A NEWLY-FORMED community group has formally objected to Northumberland County Council’s proposals to remove free home to school transport at Bellingham Middle School.

The Bellingham Middle School Community Association was set up to support the education of pupils and fund-raise for community projects which benefit the school.

The group has now sent a letter on behalf of parents, pupils and community members regarding the proposed removal of free transport for pupils joining the school from next year.

In the letter the group stated: “Due process has not been followed, it’s discriminatory with regards to parental preference, it’s disadvantageous to children’s education, it’s detrimental to children’s health, wellbeing and social development, and has a negative impact on the rural carbon footprint.”

Chairwoman of the group, Julie Mobberley, said parents were being treated in an “extremely discriminatory manner”.

The letter argued that children moving to the school from next September warranted the same access to free school transport as schools in the Hexham Partnership.

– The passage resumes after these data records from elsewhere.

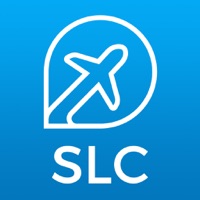 솔트 레이크 오프라인지도와 여행 가이드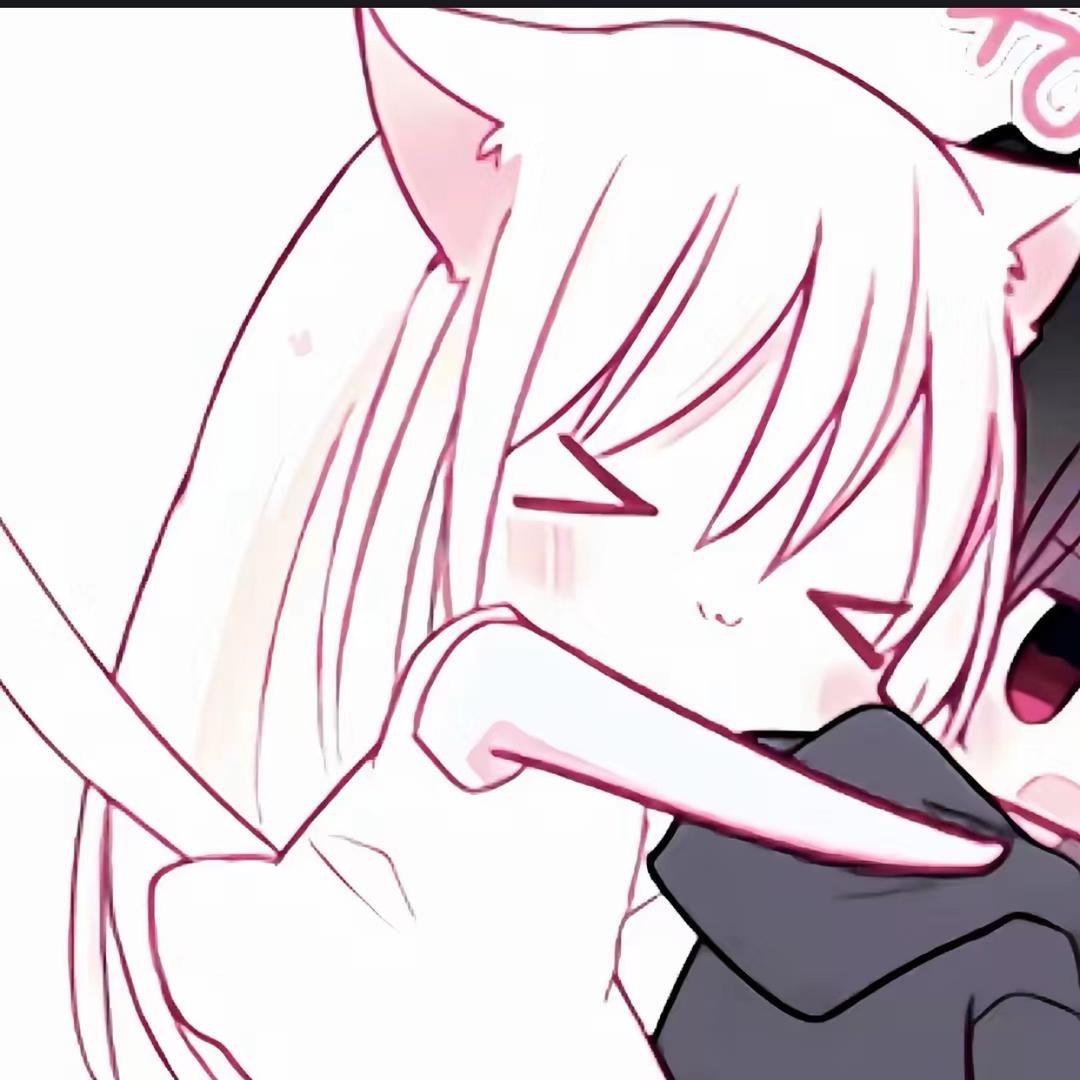 1 1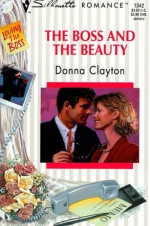 Donna Clayton 4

The middle school was saved from closure after a school adjudicator overturned a council decision to close it, but it remains part of the Haydon Bridge Partnership where a two-tier system exists.

Local resident, Joyce Knudsen, has also sent a letter to the council raising concerns about the extra miles pupils in the North Tyne would have to travel to Haydon Bridge, as opposed to attending the middle school.

A council spokeswoman said: “We considered very carefully the position for families in the light of the future structure agreed by the council for schools in the area.”